### REQUIREMENT
Once you find the line with "для iPhone 7/8" in the entries below, print it and each line after it up to and including the line with "Thumbnail Bình nước", exactly, without pictures.

### WORKING DATA
* * * * *
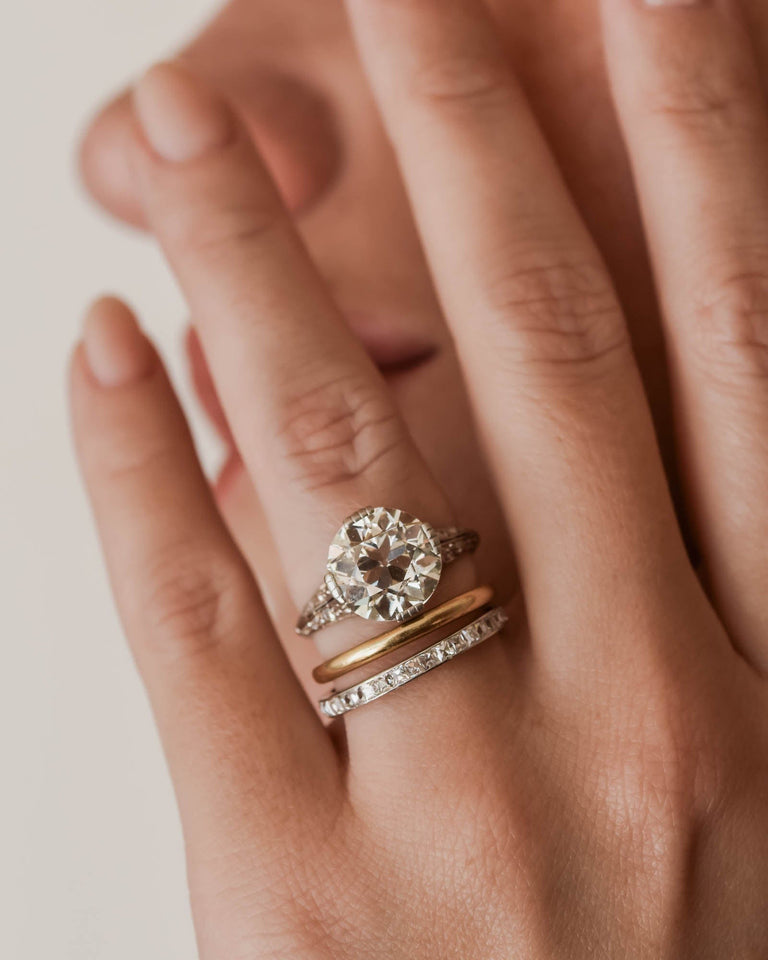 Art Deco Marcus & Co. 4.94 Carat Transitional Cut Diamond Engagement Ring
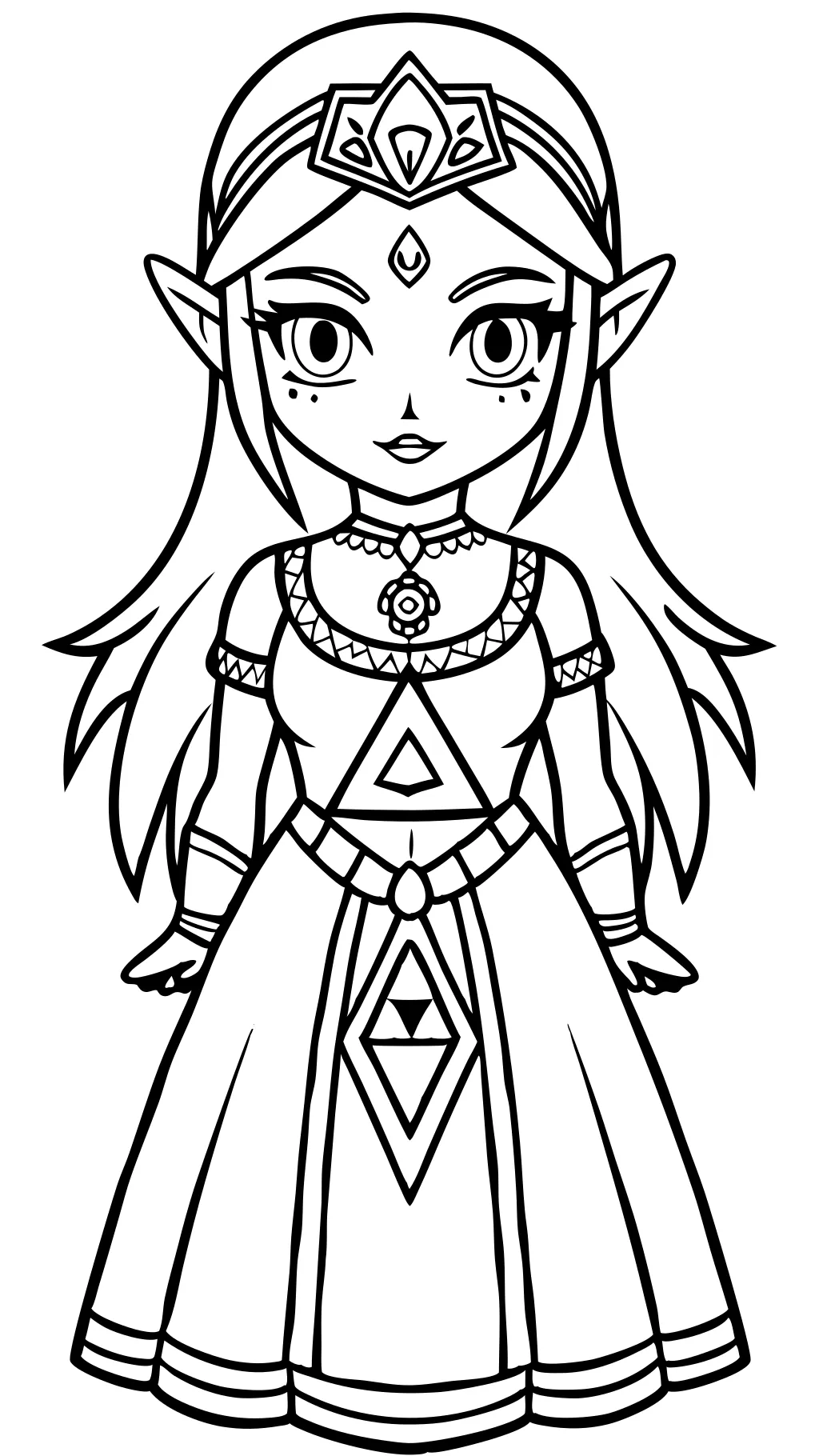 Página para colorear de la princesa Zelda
* * * * *
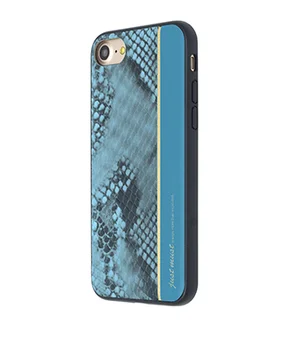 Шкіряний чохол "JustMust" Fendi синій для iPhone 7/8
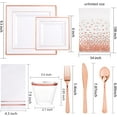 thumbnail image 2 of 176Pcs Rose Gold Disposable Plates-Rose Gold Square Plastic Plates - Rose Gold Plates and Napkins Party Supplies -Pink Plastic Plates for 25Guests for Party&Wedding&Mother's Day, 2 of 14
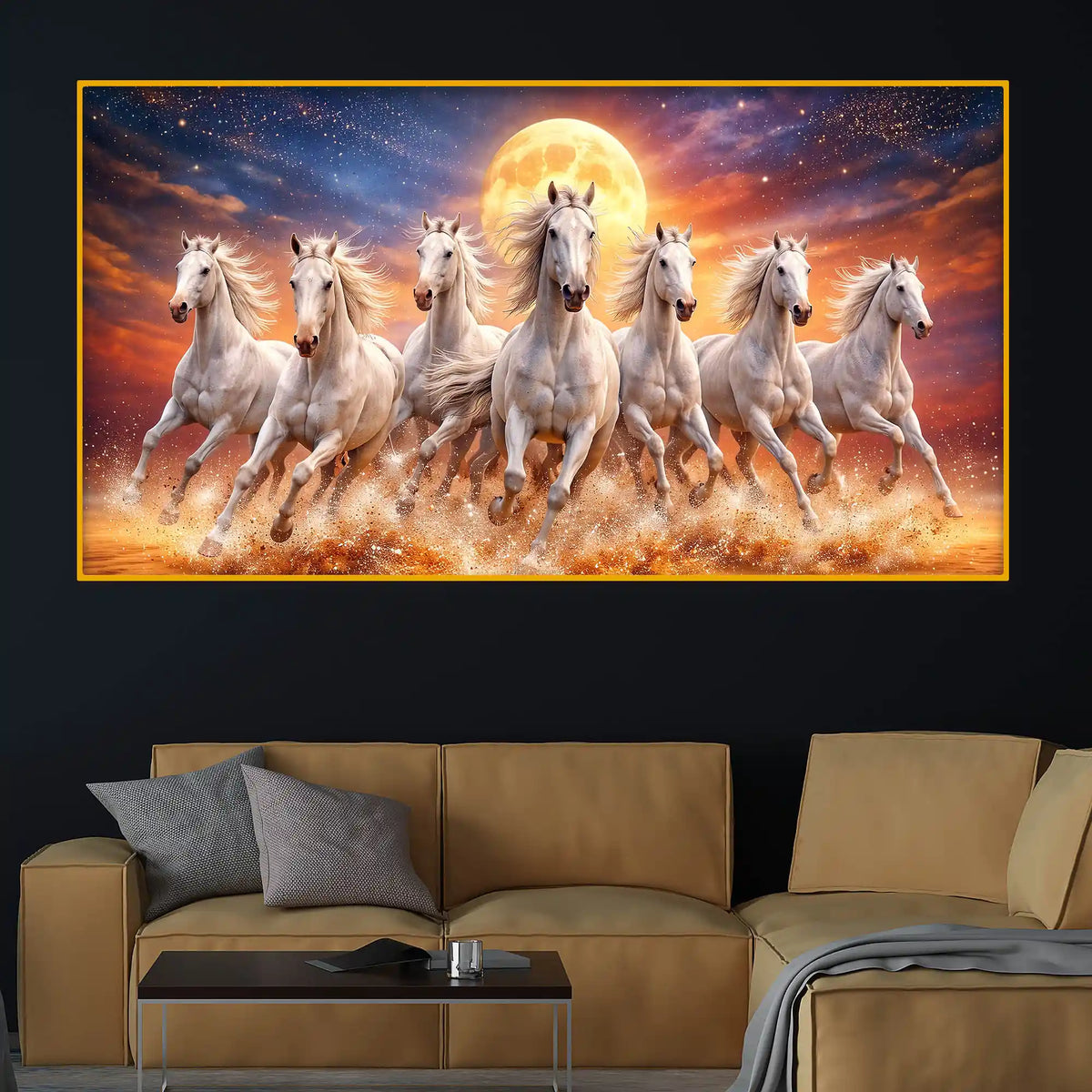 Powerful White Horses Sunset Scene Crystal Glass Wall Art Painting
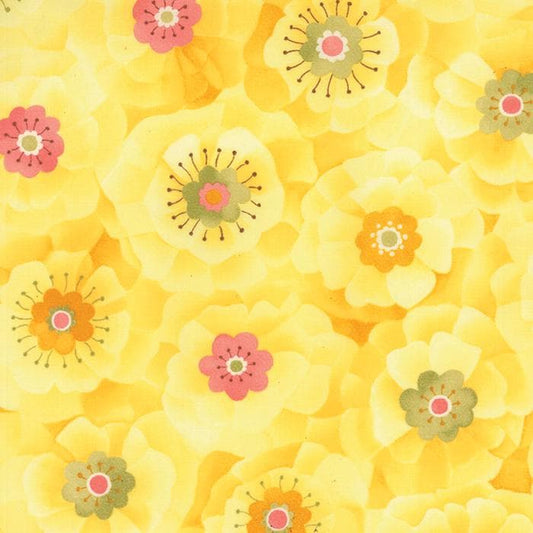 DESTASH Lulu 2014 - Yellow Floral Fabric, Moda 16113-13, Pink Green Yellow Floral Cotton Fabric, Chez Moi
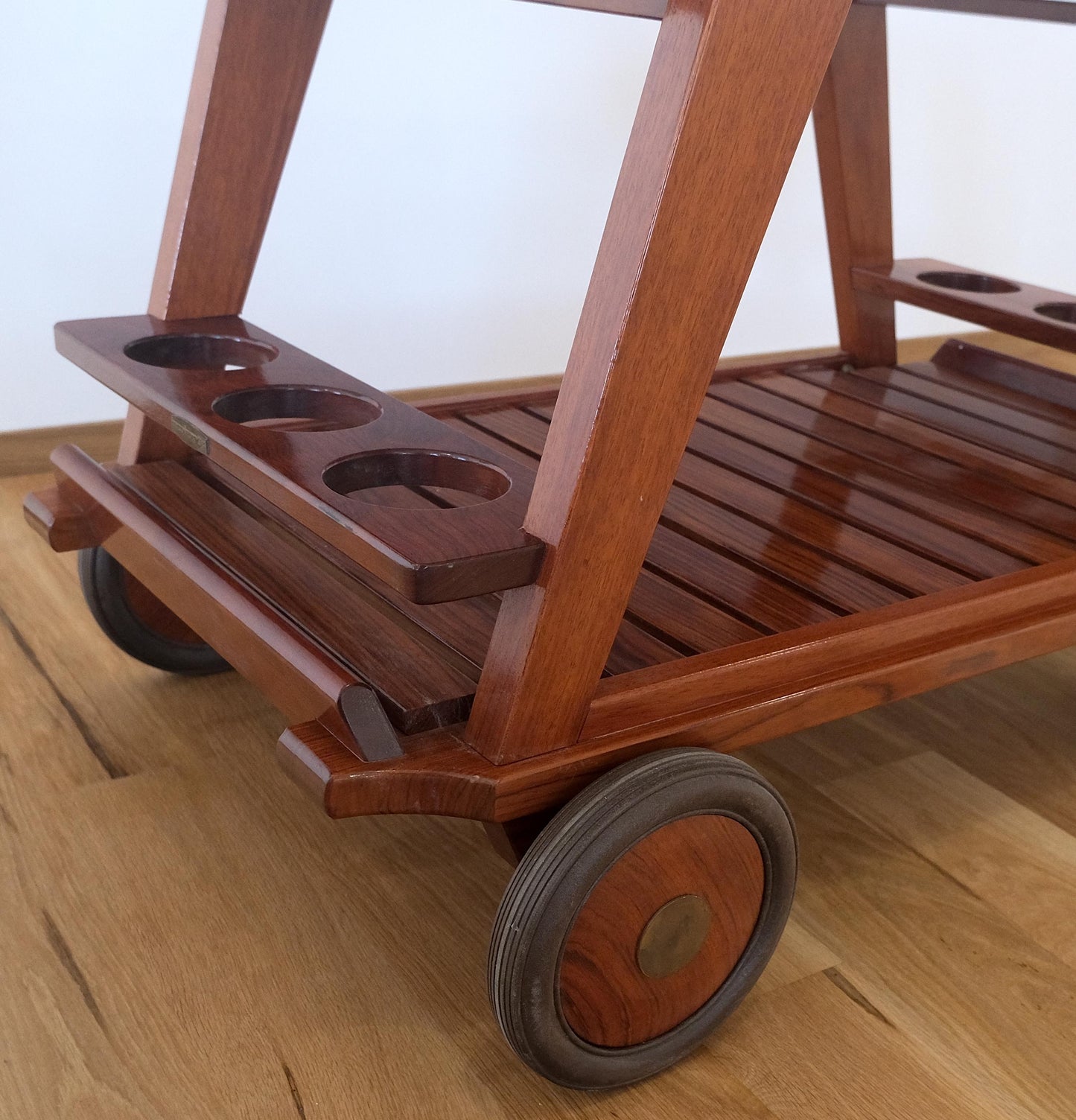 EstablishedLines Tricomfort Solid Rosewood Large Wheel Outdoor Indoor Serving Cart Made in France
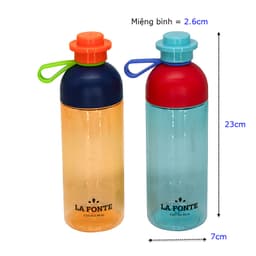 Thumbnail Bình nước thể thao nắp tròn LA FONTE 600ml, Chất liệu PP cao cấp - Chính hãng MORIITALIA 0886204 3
* * * * *
### TASK RESULT
 Шкіряний чохол "JustMust" Fendi синій для iPhone 7/8
 thumbnail image 2 of 176Pcs Rose Gold Disposable Plates-Rose Gold Square Plastic Plates - Rose Gold Plates and Napkins Party Supplies -Pink Plastic Plates for 25Guests for Party&Wedding&Mother's Day, 2 of 14
 Powerful White Horses Sunset Scene Crystal Glass Wall Art Painting
 DESTASH Lulu 2014 - Yellow Floral Fabric, Moda 16113-13, Pink Green Yellow Floral Cotton Fabric, Chez Moi
 EstablishedLines Tricomfort Solid Rosewood Large Wheel Outdoor Indoor Serving Cart Made in France
 Thumbnail Bình nước thể thao nắp tròn LA FONTE 600ml, Chất liệu PP cao cấp - Chính hãng MORIITALIA 0886204 3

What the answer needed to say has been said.